I feel you about the lights. Ultimately, I have grown to think that users should have ultimate control over the software running on their devices. If I want a light you can't disable, it should be by designing the hardware that way ... and you're still free to use a sharpie/tape/drill to modify your own hardware.

It's a fine line balancing making things difficult for creeps vs fully empowering a homeowner/caretaker to protect their castle/family how they see fit. But freedom for users to find their balance and law to punish truly bad uses are the only stable solutions... otherwise, creeps can always just use crappy products with no protections instead and you, the regular person, get stuck with crappy restricted products.

Some poignant examples of this are the many art installations that contain Dropcams. Suddenly a bunch of them have ugly blue dots that weren't intended by the artists. Does the artist now have to visit their installations with a sharpie? It's a stupid and limiting rule change that further pushes what was once a generally useful tool into a one-trick home security pony.

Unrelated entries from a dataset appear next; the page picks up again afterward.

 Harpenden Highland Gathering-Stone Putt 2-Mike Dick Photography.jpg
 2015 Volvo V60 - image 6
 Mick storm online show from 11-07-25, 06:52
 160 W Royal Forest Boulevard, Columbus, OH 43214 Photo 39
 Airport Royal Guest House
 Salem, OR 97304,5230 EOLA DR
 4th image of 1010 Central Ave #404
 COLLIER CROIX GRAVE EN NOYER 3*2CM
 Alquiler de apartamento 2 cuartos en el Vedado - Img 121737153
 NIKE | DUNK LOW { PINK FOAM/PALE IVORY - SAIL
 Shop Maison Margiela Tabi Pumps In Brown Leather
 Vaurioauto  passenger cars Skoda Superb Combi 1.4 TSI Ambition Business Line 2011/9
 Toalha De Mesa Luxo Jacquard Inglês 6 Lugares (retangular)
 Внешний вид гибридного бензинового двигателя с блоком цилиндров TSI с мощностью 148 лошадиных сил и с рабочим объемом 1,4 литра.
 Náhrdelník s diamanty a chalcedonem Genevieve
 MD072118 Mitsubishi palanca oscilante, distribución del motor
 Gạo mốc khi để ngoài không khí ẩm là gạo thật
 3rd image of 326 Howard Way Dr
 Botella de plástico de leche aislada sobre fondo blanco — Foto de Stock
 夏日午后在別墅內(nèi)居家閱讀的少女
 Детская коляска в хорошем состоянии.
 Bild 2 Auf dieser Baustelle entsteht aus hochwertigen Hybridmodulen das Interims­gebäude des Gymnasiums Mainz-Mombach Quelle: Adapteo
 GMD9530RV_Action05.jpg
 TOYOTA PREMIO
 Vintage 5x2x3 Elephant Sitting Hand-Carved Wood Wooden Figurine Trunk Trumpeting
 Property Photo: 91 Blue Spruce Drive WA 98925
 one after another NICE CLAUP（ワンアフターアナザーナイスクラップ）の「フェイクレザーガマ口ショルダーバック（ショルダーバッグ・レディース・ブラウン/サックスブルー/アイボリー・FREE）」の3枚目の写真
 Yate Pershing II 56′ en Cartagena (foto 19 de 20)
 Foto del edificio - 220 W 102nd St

I hope you'll forgive me if I suggest that one might have hoped that security wouldn't be an item on your "endless to-do list of improvements" after you've released the product. I mean, what with that whole "good engineering" thing.

That's not a very generous interpretation of what I wrote, and honestly hints at an immature understanding of good engineering and security.

Dropcam v1 was one of the most secure internet products in existence at its inception, by design, full stop.

Making things more secure is a never-ending charge, and we never stopped. Google/Nest continue to try to improve things as well, but they've been slower and more inefficient at doing so than we were in our heyday. That's why these stories never seem to stop coming. The attackers are outpacing the defenders.

>Dropcam v1 was one of the most secure internet products in existence at its inception, by design, full stop.

Well, with all due respect, that doesn't exclude that the security may not have been "good enough" (then) as much as it is not "good enough" (now):


Erasmus also said “What is life but a play in which everyone acts a part until the curtain comes down?”

“With all due respect”, which part are you playing right now?

My comments were not meant as logical proofs. But, I am content to say that Dropcam, as designed at launch, could likely be proven “net good” based on several popular moral axiomatic systems. That’s the best I’ve got, chum! The alternative is to convert oneself to a motionless blob, attempting to exert the least possible influence on reality unless intense logical calculation and polling of prevailing subjective moral bases has occurred first.

I choose instead to just try to do the right thing, and build cool/good stuff too. And always try to make things better, as long as you have breath. I highly recommend it over the blob strategy.

Have to admit though, I had forgotten how much fun it is to comment on the Internet!

My non technical parents set up their wyze cams by showing the qr code on their smartphone to it. I think it is just for communicating the wifi password to the camera, but it didn't really seem like a big deal for them.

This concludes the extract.